Experts warned of a possible shortage of medicine after a tornado hit North Carolina and caused significant damage to the Pfizer pharmaceutical plant.
The plant, which is located in Rocky Mount, stores raw materials, packaging supplies, and finished medications awaiting release to hospitals across the United States.
This facility also produced around 150 medicines, such as fentanyl and morphine for pain treatment and anesthetics for surgery, which are widely used in hospitals.
"I've got reports of 50,000 pallets of medicine that are strewn across the facility and damaged through the rain and the wind," Nash County Sheriff Keith Stone told CBS News.
Disruption of supply
According to Reuters, Pfizer sent a letter to its hospital customer saying that around 64 different formulations or dosages of more than 30 drugs produced at the damaged plant may "experience continued or new supply disruption."

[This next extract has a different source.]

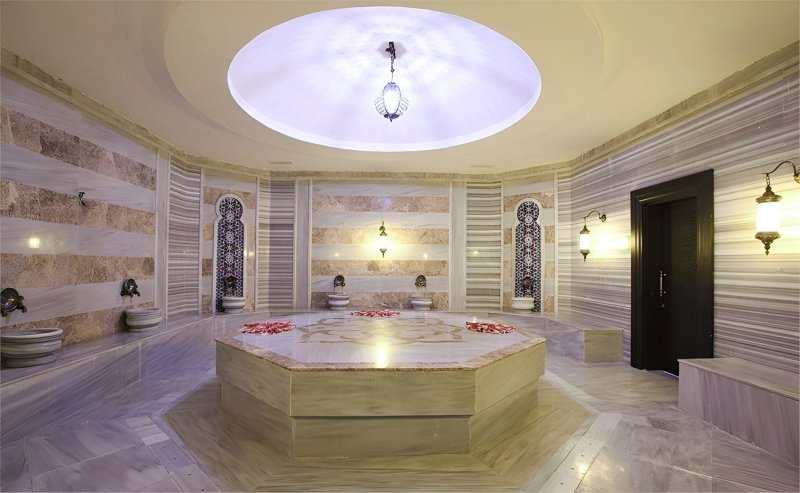 Diamond Elite Hotel And Spa Side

As stated on their company website, the Rocky Mount facility is one of the world's largest drug facilities and is responsible for generating roughly 25% of Pfizer's sterile injectable pharmaceuticals used in U.S. hospitals.
According to the United States Pharmacopeia, a body that studies medication supply chains, half of the products manufactured at the plant are on the FDA's essential medicine list.
The pharmaceutical company has set limits on how much of certain drugs its consumers can purchase.
Erin Fox, a senior pharmacy director at the University of Utah Health, predicts that the damages caused by the tornado will likely lead to a long-term medicine shortage while "Pfizer works to either move production to other sites or rebuild."
Associate Scientist Mariana Socal of the Johns Hopkins Bloomberg School of Public Health stressed that the drug shortage will not be felt immediately, noting that the hospital can access medicines that have already been manufactured and delivered.
"In a matter of weeks or months the supply can just be depleted if other plants or manufacturers can't expand their production," Socal told the Wall Street Journal.
Pfizer said they are working to fully restore the function of the facility, noting its crucial role in the U.S. healthcare system.
"After an initial assessment, there does not appear to be any major damage to the medicine production areas," they added.
Other damages of the tornado
The National Weather Service said the damage in North Carolina was consistent with an EF3 tornado with wind speeds of up to 150 mph.
According to WRAL News, a total of 90 residences and buildings were either damaged or destroyed.
The tornado also injured at least 16 individuals, two of whom are in critical condition.
In the aerial inspection conducted by Sky 5 in Nash County after the storm passed, trees and crops were seen devastated in the tornado's path.
The authorities added that some neighborhoods were so badly damaged that first responders were unable to reach them.
It is the second EF-3 tornado to hit North Carolina in the month of July.